-- EXERCISE BRIEF --
Would you retype each record exactly as given?

*** Block opens ***

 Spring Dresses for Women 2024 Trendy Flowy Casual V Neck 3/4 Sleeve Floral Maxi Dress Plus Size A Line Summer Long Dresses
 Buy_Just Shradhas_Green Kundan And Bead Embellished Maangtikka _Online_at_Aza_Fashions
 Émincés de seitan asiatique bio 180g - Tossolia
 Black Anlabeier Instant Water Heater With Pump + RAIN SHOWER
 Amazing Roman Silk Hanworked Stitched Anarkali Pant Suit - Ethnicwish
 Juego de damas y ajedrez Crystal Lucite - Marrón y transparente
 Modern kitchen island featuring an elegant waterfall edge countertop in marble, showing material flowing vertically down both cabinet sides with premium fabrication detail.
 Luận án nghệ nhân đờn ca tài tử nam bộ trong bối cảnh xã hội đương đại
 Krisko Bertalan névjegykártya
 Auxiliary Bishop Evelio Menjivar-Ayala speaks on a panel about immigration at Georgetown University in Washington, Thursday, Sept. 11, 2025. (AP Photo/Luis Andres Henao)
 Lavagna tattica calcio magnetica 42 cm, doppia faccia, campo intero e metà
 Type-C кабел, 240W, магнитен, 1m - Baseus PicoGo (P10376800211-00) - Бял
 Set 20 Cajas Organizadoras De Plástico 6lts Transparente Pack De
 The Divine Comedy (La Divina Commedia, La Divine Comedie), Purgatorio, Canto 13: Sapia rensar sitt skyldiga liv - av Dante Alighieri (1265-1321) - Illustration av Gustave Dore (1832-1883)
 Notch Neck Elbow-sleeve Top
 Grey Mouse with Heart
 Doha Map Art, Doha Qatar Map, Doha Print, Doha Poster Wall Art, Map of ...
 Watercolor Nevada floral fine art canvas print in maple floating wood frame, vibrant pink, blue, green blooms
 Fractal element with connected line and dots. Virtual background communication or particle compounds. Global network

*** Block closes ***

-- RESPONSE --
 Spring Dresses for Women 2024 Trendy Flowy Casual V Neck 3/4 Sleeve Floral Maxi Dress Plus Size A Line Summer Long Dresses
 Buy_Just Shradhas_Green Kundan And Bead Embellished Maangtikka _Online_at_Aza_Fashions
 Émincés de seitan asiatique bio 180g - Tossolia
 Black Anlabeier Instant Water Heater With Pump + RAIN SHOWER
 Amazing Roman Silk Hanworked Stitched Anarkali Pant Suit - Ethnicwish
 Juego de damas y ajedrez Crystal Lucite - Marrón y transparente
 Modern kitchen island featuring an elegant waterfall edge countertop in marble, showing material flowing vertically down both cabinet sides with premium fabrication detail.
 Luận án nghệ nhân đờn ca tài tử nam bộ trong bối cảnh xã hội đương đại
 Krisko Bertalan névjegykártya
 Auxiliary Bishop Evelio Menjivar-Ayala speaks on a panel about immigration at Georgetown University in Washington, Thursday, Sept. 11, 2025. (AP Photo/Luis Andres Henao)
 Lavagna tattica calcio magnetica 42 cm, doppia faccia, campo intero e metà
 Type-C кабел, 240W, магнитен, 1m - Baseus PicoGo (P10376800211-00) - Бял
 Set 20 Cajas Organizadoras De Plástico 6lts Transparente Pack De
 The Divine Comedy (La Divina Commedia, La Divine Comedie), Purgatorio, Canto 13: Sapia rensar sitt skyldiga liv - av Dante Alighieri (1265-1321) - Illustration av Gustave Dore (1832-1883)
 Notch Neck Elbow-sleeve Top
 Grey Mouse with Heart
 Doha Map Art, Doha Qatar Map, Doha Print, Doha Poster Wall Art, Map of ...
 Watercolor Nevada floral fine art canvas print in maple floating wood frame, vibrant pink, blue, green blooms
 Fractal element with connected line and dots. Virtual background communication or particle compounds. Global network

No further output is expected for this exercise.